El cura de San Lorenzo

Tal vez no hay acontecimiento  que me haya impresionado más en mi larga vida natural y periodística (comenzó a los diez años, cuando me vi en frente de Jorge Eliécer Gaitán) que el 9 de abril de 1948.

¡Mataron a Gaitán! Y “yo no fui” parece decir aún la rancia oligarquía capitalina, aquella que nació en el Country Club, como se acredita el actual presidente. No me refiero a él, que no estaba aún en la mente de Dios, pero hay una versión y es la de que, ante la inminente presidencia del líder popular, jefes refinados de su propio partido pudieron haber conspirado en su contra.

Si acaso hubo conspiración y no ocurrió lo que dijo el iconoclasta expresidente López Michelsen, quien atribuyó el hecho brutal a la simpleza de un lío de faldas. Pero, a ver, no de amoríos de Gaitán, sino de su asesino, quien le prometió a su novia que no sería más un don nadie y que vería su nombre en las páginas de los periódicos.

Tampoco es creíble.
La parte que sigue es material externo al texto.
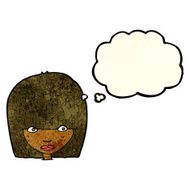 cartoon staring woman with thought bubble N12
Más increíble todavía es que fueran los curas, desde sus púlpitos, los que azuzaran el asesinato. Hombre, no. Son fanatismos que todavía emergen de las tumbas históricas. El crimen no se esclareció y Scotland Yard, llegando al aeropuerto Olaya Herrera, fue robado con todos sus instrumentos de investigación al pisar Bogotá.

Al Gobierno conservador, ni porque fuera asesino, le convenía un magnicidio, hallándose en la ciudad una altísima delegación internacional, con motivo de la Conferencia Panamericana. Al comunismo internacional sí, interesado en sabotearla.

Al día siguiente de los espantosos hechos, en Armero, un pueblo de las laderas del Ruiz, el cura de la iglesia parroquial de San Lorenzo, reverendo Pedro María Ramírez, fue víctima de sus enemigos políticos y del ensañamiento contra la iglesia. Lo esperaron en el atrio la tarde de ese sábado diez de abril. Los liberales se las cobraban todas a los curas, así llamados despectivamente. Y los curas predicaban contra el liberalismo.

El padre Ramírez ofició y entró al convento contiguo de las religiosas Eucarísticas, donde escribió una patética despedida con bendiciones a su pueblo, sabiendo lo que le esperaba. No dejó que violentaran las puertas, se entregó y el jefe de la cuadrilla liberal lo ató de manos y se lo dio a la turba enfurecida por el magnicidio de Bogotá.

El buen cura terminó macheteado y su cuerpo arrastrado por un carro de bestias (eso fueron: bestias). Las prostitutas lo encontraron por los lados del cementerio y le dieron sepultura, sector más elevado que el resto de la población y casualmente el que se salvó de la avalancha, casi 40 años después.

***

Seguí al dibujante Ernesto Franco de siempre. Últimamente en sus jeroglíficos enjundiosos, con limpios trazos de chicas sensuales. Imítenlo, pero bien.